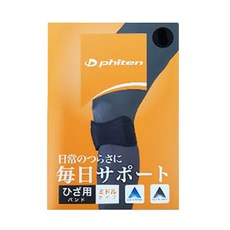 화이텐무릎보호대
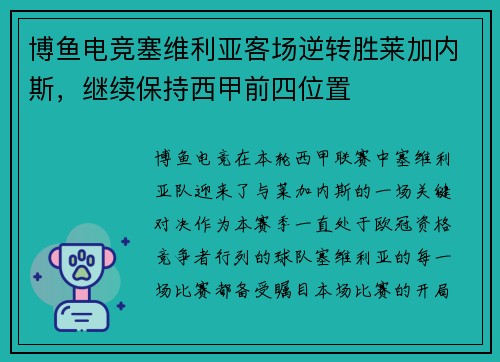 博鱼电竞塞维利亚客场逆转胜莱加内斯，继续保持西甲前四位置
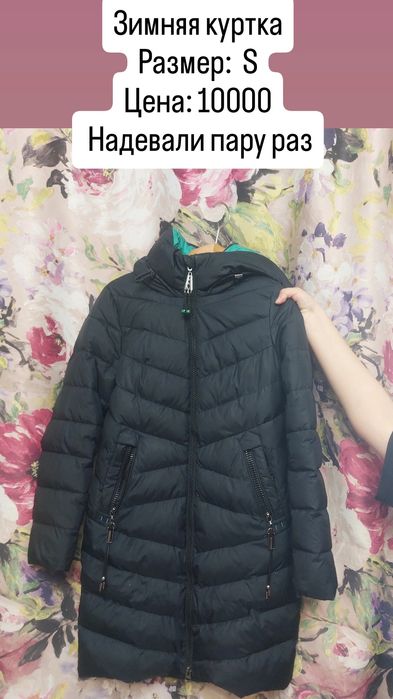 Продам зимние и осенние куртки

■ What to work on
For this exercise, transcribe the data exactly but without its pictures.

■ Task result
 화이텐무릎보호대
 博鱼电竞塞维利亚客场逆转胜莱加内斯，继续保持西甲前四位置
 Продам зимние и осенние куртки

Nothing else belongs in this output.